■ Work instructions ■
From the data below, repeat exactly the lines from the line with "丹尼尔·戴-刘易斯 Daniel Day Lewis 写真 #69" to the line with "DETERG.PER WC BREF LIMESCALE 700ML", both included.

■ Data for analysis ■
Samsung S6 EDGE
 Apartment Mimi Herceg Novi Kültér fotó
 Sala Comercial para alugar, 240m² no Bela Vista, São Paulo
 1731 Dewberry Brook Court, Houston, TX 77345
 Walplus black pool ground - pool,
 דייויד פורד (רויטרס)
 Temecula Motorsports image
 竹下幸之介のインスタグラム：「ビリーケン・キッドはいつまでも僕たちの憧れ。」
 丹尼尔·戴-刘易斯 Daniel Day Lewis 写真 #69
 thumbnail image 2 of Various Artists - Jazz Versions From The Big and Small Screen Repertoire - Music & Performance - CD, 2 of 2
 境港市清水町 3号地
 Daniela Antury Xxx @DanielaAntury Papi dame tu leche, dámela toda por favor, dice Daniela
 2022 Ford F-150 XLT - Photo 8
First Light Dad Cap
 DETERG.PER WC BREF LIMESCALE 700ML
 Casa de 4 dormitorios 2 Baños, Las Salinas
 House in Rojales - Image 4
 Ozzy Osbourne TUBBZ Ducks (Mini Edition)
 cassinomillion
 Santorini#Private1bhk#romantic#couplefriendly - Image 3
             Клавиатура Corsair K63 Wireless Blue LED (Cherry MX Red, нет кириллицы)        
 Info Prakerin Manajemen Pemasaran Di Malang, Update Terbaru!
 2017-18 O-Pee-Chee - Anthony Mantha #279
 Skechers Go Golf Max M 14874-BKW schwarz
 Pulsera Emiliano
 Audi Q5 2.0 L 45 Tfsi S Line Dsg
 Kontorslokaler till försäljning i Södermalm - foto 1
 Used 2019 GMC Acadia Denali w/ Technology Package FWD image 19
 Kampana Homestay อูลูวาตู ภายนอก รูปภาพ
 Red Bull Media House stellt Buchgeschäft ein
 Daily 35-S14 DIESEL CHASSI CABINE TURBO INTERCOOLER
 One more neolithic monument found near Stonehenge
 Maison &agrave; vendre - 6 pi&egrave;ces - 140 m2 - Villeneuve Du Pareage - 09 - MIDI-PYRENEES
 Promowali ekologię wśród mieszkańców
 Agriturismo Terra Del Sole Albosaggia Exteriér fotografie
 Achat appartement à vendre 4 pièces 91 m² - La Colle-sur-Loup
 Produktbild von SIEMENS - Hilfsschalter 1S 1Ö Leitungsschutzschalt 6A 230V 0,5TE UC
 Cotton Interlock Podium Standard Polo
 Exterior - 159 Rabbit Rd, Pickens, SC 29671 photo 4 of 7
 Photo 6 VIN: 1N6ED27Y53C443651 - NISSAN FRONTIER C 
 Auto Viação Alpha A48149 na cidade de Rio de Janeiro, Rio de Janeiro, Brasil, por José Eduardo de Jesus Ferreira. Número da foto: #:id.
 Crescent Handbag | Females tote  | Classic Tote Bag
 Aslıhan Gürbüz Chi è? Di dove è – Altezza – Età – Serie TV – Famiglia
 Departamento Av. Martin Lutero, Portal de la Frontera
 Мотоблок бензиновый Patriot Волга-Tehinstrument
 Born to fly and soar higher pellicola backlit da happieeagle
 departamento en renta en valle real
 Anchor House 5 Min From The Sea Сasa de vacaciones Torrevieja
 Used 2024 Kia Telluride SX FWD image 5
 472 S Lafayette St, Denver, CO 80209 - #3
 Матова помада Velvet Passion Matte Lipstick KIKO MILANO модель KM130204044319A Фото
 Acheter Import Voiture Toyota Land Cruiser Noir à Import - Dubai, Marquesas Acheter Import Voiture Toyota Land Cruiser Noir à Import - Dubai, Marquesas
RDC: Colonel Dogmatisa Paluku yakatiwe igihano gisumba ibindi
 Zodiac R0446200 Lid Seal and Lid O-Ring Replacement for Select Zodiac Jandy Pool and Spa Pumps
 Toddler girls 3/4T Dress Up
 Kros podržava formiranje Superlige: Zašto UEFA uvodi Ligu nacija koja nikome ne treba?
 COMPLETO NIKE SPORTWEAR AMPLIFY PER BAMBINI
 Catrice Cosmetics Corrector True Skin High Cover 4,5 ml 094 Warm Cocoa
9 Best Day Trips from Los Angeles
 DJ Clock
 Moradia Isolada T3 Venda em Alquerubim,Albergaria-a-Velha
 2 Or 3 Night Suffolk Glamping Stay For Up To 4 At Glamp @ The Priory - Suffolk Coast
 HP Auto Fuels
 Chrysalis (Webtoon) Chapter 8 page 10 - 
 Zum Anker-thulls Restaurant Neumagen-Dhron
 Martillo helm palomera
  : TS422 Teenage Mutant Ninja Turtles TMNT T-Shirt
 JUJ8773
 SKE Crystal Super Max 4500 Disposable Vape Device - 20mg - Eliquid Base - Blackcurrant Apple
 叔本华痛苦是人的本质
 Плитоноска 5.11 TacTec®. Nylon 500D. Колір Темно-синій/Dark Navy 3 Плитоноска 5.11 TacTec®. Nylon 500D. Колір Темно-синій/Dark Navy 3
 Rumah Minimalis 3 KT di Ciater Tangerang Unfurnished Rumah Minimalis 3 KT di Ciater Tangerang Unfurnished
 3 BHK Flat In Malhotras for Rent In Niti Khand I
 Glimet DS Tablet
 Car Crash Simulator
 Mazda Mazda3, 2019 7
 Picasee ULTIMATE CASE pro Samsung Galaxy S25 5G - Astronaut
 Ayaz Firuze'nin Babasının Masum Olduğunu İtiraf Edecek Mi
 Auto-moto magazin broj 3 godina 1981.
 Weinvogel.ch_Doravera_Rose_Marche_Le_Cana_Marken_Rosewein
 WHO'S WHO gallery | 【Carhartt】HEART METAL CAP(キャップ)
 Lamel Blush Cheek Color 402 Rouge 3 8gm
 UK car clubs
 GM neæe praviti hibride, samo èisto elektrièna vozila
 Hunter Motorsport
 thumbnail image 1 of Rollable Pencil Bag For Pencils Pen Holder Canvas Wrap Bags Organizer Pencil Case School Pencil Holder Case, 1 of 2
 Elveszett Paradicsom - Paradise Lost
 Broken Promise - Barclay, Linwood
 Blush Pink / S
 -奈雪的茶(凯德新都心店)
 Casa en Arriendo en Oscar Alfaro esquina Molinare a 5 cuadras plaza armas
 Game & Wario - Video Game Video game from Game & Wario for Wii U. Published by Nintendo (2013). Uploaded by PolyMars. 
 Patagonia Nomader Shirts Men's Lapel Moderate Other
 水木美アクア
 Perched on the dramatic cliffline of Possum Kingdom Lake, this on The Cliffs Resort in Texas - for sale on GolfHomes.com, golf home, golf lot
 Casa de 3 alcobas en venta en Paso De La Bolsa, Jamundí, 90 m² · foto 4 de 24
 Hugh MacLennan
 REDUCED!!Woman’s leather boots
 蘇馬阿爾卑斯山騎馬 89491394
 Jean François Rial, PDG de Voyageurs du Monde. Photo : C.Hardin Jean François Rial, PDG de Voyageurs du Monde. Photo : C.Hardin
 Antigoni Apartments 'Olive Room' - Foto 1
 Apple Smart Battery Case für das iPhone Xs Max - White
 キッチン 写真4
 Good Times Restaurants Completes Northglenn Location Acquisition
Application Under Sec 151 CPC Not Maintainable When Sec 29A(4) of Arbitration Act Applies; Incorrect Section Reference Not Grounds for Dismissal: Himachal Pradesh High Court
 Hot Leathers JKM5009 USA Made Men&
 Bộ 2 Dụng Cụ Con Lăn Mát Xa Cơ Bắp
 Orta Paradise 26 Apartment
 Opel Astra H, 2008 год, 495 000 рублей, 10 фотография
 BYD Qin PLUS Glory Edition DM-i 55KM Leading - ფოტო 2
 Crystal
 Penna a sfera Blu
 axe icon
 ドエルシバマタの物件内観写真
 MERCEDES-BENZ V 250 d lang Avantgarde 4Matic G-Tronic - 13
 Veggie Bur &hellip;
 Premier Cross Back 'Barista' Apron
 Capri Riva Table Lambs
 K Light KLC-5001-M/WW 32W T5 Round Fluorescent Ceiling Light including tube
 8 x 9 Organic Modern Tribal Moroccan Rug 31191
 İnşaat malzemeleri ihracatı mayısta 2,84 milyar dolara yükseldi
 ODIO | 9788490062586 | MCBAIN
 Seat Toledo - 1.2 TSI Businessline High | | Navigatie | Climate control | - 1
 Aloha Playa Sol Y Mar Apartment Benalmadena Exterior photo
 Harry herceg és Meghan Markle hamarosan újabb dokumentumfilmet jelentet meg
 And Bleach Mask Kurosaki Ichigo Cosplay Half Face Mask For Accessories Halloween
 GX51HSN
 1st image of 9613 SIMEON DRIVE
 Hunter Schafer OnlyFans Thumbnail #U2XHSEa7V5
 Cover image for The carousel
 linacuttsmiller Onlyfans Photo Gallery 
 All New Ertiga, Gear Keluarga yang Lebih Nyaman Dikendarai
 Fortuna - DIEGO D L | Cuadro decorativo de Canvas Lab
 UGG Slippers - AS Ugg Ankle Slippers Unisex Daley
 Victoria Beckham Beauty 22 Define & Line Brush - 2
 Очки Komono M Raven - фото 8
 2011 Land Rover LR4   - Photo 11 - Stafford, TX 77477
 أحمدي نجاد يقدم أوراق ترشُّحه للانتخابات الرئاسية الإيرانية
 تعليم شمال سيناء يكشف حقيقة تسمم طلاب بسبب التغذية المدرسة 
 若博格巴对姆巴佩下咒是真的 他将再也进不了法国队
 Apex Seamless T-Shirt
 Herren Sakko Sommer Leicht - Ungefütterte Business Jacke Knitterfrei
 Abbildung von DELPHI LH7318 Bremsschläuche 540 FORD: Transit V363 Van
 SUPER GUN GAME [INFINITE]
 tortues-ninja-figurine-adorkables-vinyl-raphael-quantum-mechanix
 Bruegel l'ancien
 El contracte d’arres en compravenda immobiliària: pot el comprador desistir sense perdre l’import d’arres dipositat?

■ Exercise answer ■
 丹尼尔·戴-刘易斯 Daniel Day Lewis 写真 #69
 thumbnail image 2 of Various Artists - Jazz Versions From The Big and Small Screen Repertoire - Music & Performance - CD, 2 of 2
 境港市清水町 3号地
 Daniela Antury Xxx @DanielaAntury Papi dame tu leche, dámela toda por favor, dice Daniela
 2022 Ford F-150 XLT - Photo 8
First Light Dad Cap
 DETERG.PER WC BREF LIMESCALE 700ML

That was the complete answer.